SpaceX's third Starlink launch of October marked mission number 100 across Falcon 1, Falcon 9, and Falcon Heavy since 2006.

SpaceX hit a milestone yesterday that barely made a ripple in the news cycle, which is sort of remarkable given what it represents. The Starlink mission that lifted off October 24 at 11:31 a.m. EDT was, by the company’s own count, its 100th successful flight across the entire Falcon 1, Falcon 9, and Falcon Heavy lineup since 2006. No big livestream moment, no confetti — just another satellite stack heading to orbit on a Saturday morning.

What makes the number land differently this time is the pace. This was SpaceX’s third launch in October alone. A company that used to fly a handful of missions a year is now routinely launching multiple times a month, largely because it’s racing to build out its own Starlink broadband constellation. With this batch added in, well over 700 Starlink satellites are now circling the planet, and SpaceX shows no sign of slowing down before winter.

From one Falcon to a fleet

It’s worth remembering how uneven the road to 100 has been. The Falcon 1 era was rocky — literally, in a couple of cases — with early failures that at one point had people questioning whether the whole enterprise would survive. Falcon 9 changed the math entirely, and Falcon Heavy added a heavy-lift option without SpaceX having to design a clean-sheet rocket from scratch. Getting to 100 flights took 14 years, but a meaningful chunk of that total has been logged in just the last two.

That acceleration is the real story here, more than the round number itself. Rocket launches used to be rare enough that each one got individual media coverage and a countdown clock people actually watched. Now a Falcon 9 lifting a stack of internet satellites is routine enough to slide by with a quiet tweet from the company. That’s not a knock on SpaceX — it’s the whole point. Reusable boosters and an internal customer (Starlink) that needs constant launches have turned orbital rockets into something closer to scheduled freight.

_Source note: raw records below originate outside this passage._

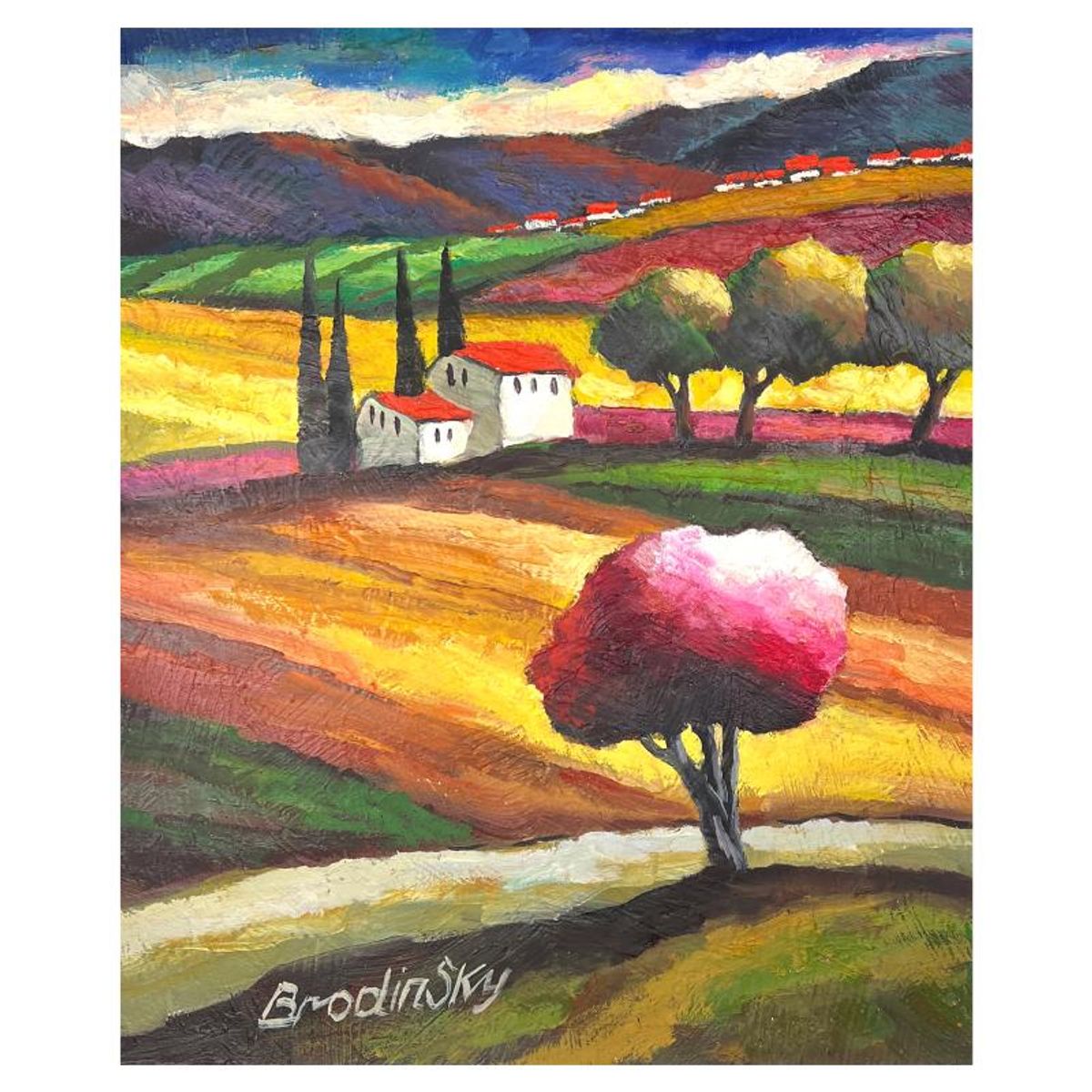 Slava Brodinsky, Hand Signed Original Painting on Canvas with Letter of Authenticity.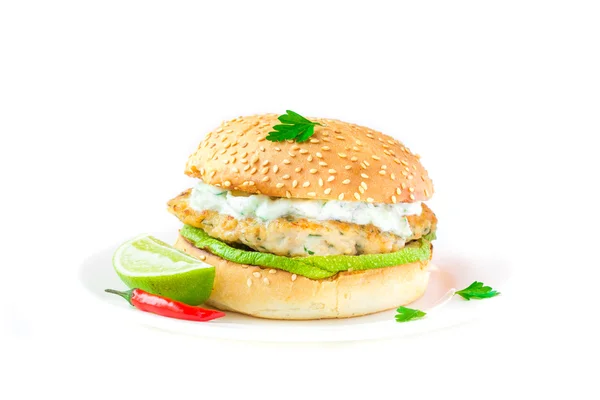 Fresh, delicious chicken burger in the Greek style with zucchini — Stock Photo, Image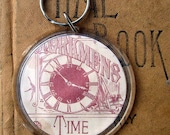 Time Steampunk Inspired Vintage Image Keychain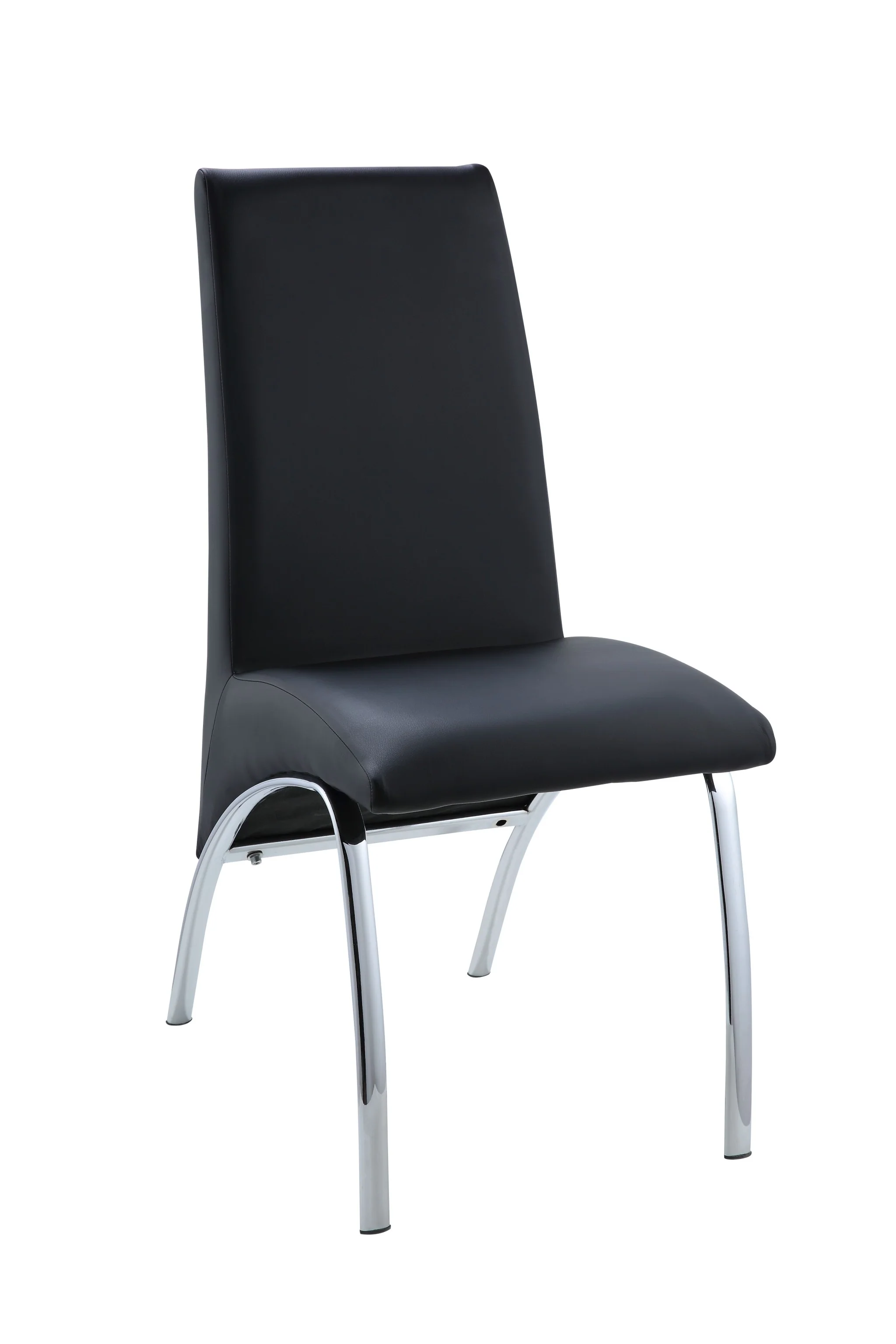 Set of Two Silver Upholstered Faux Leather Dining Side Chairs By Homeroots - Image 3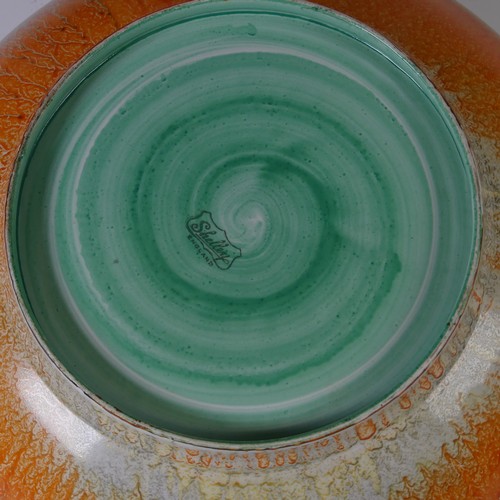 85 - A Shelley 'Harmony' ware Bowl, in orange drip glaze, factory mark to base, D 26cm, together with a s... 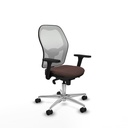 Jorquera sincro malla blanca similpiel marrón oscuro brazos 3D base aluminio  ruedas 65mm nailon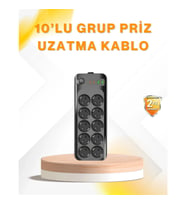 Mey İthalat® 10’lu Çoklu Priz Termal Korumalı USB Type-C Çıkışlı 2500W Uzatma Kablosu
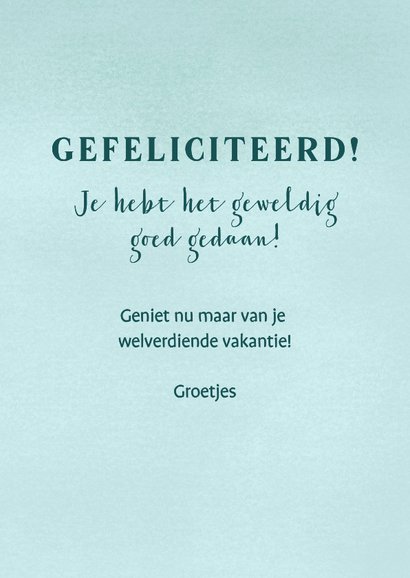Geslaagd kaart met telefoon en naam 3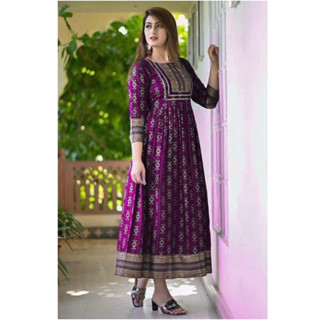 Women Printed Anarkali Kurta ชุดอินเดียนำเข้าคุณภาพดี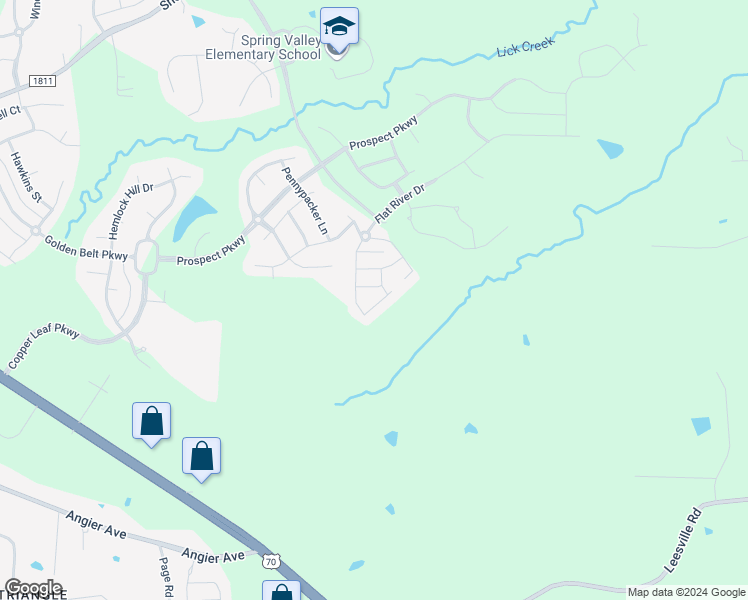 map of restaurants, bars, coffee shops, grocery stores, and more near 216 Cross Blossom Road in Durham
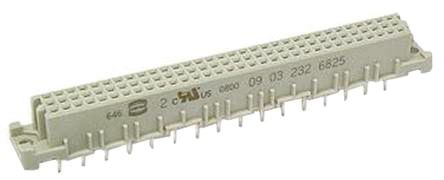HARTING 09 03 32 Way 2.54mm Pitch, Type C Class C2, 3 Row, Straight DIN 41612 Connector, Socket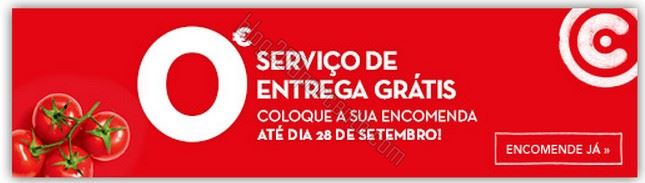 Oferta de taxa de entrega CONTINENTE até 28 setembro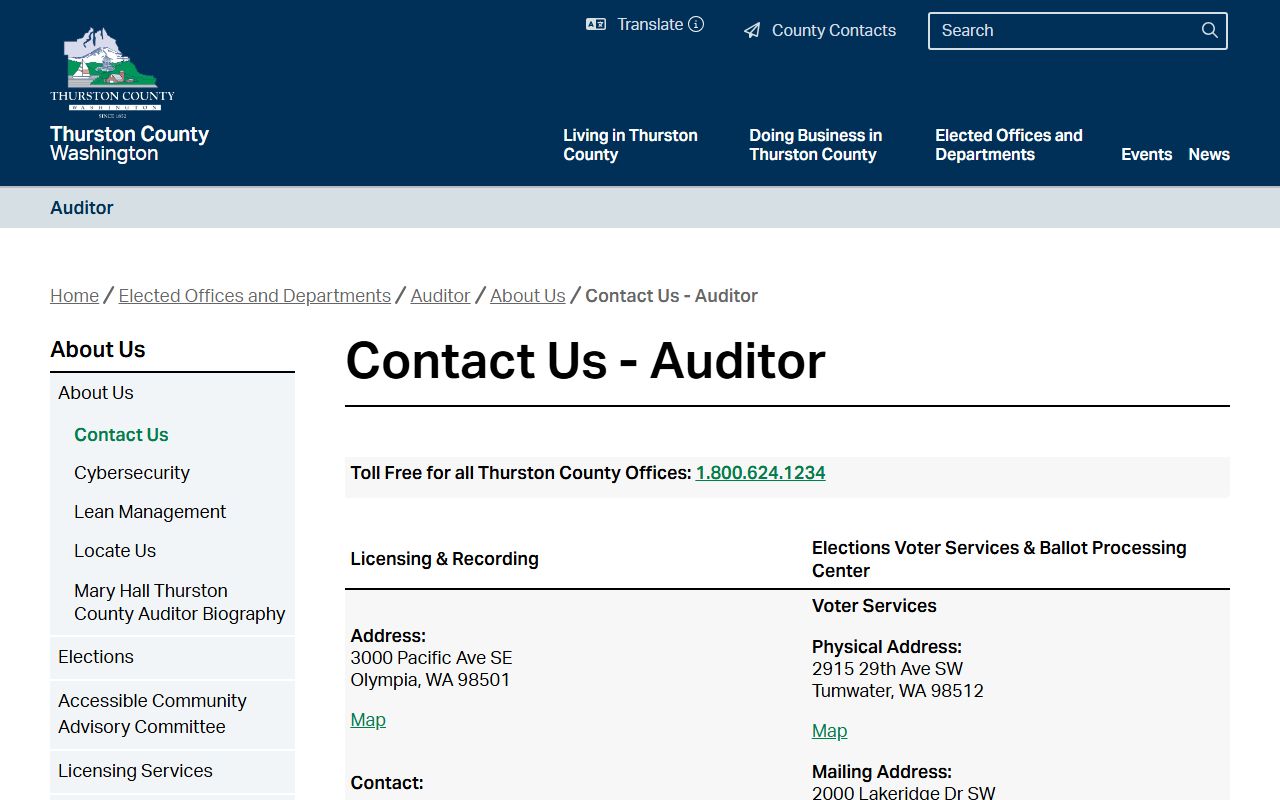 Thurston County Auditor contact information and office hours
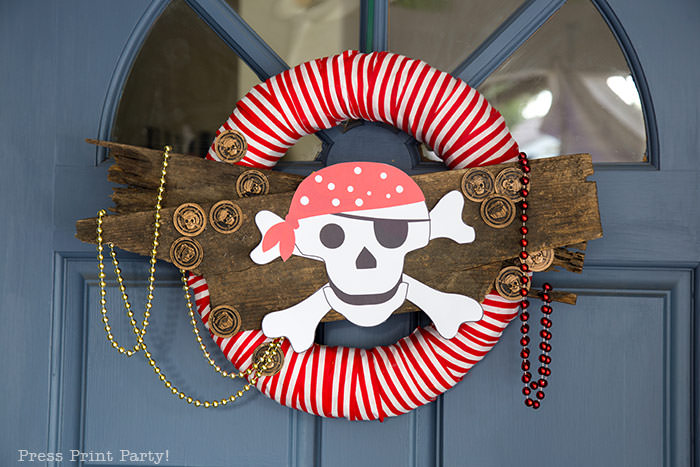 Pirate Party Decorations Red Striped Cartoon Skull Pirate Ship DIY  Decorations for Kids Birthday Halloween Party Cosplay Decor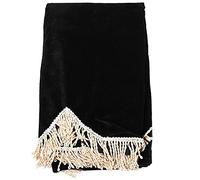 88 Key Piano Half Covered Anti Dust Cover Flannelette Piano Cover with Fine Frill Edge (Black)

The Starlink angle is doing a lot of the heavy lifting for that cadence. Every batch of satellites is roughly 60 units, and SpaceX has said publicly it wants a global broadband service running before too long, which means this launch pace probably isn’t a temporary spike — it’s the new normal, at least until the constellation reaches whatever critical mass the company is targeting for coverage.

It also says something about the business model. Falcon 9 boosters have been landing and reflying often enough now that a chunk of these Starlink missions are flying on rockets that have already been up and back multiple times. That reuse is presumably what’s letting SpaceX afford to launch its own product this often rather than just servicing paying customers.

100 flights isn’t a huge number in absolute terms compared to the shuttle program or Russia’s Soyuz line. But the trajectory — from a company that almost ran out of money after three straight failures to one quietly stacking up a launch every week or two — is the part worth sitting with. Milestone number 200 is going to arrive a lot faster than this one did.